→ **Data section**
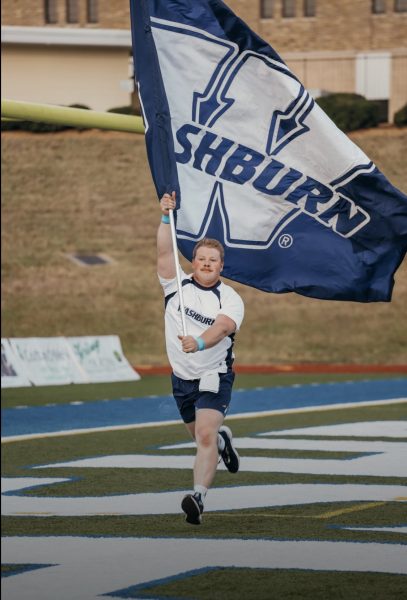 Cole Benzmiller running with the Washburn touchdown flag. This was a prominent job he held on the cheer team. Photo courtesy of Hannah Meier.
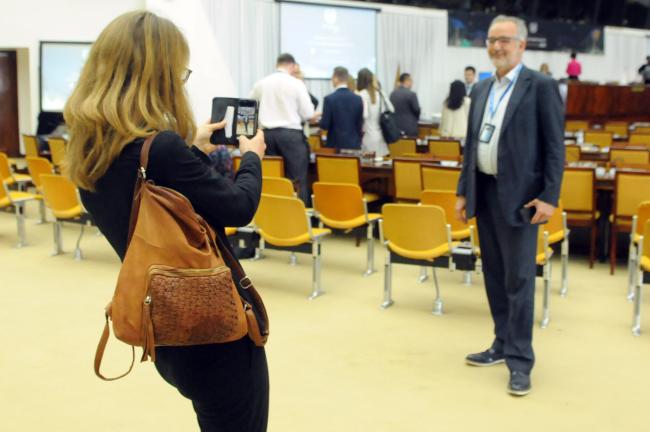 Laura Platchkov, Switzerland, takes a photo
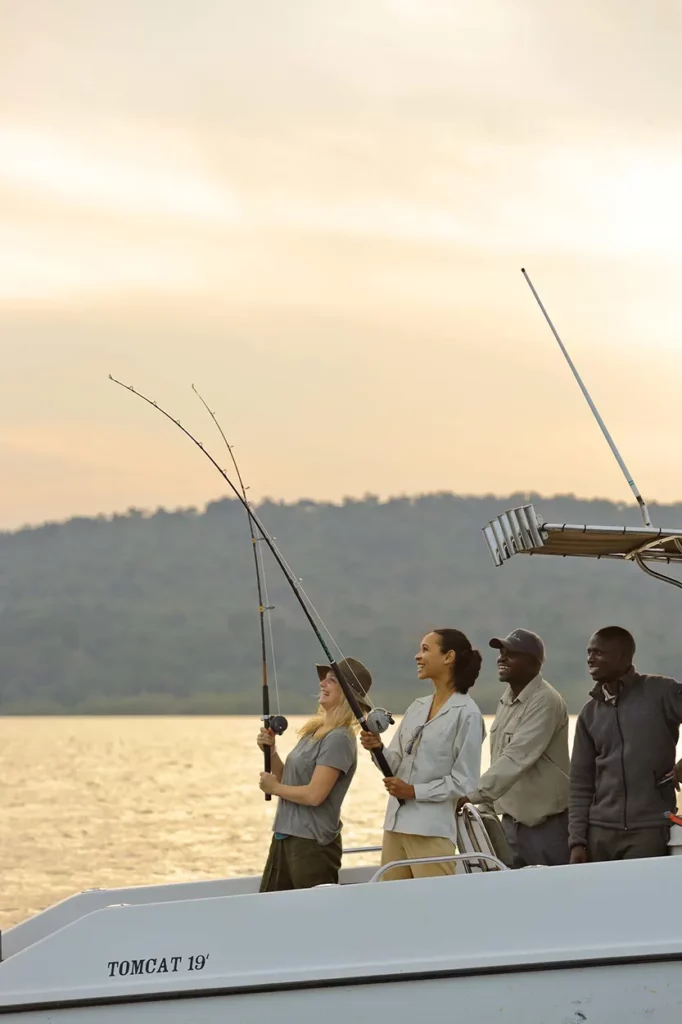 Guests enjoying fishing at sunset on Lake Victoria at Rubondo Island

→ **What is expected**
Copy exactly the lines that run from the line containing "Laura Platchkov, Switzerland, takes a photo" to the end of the data above, keeping both end lines and leaving out all pictures.

→ **Response to the task**
 Laura Platchkov, Switzerland, takes a photo
 Guests enjoying fishing at sunset on Lake Victoria at Rubondo Island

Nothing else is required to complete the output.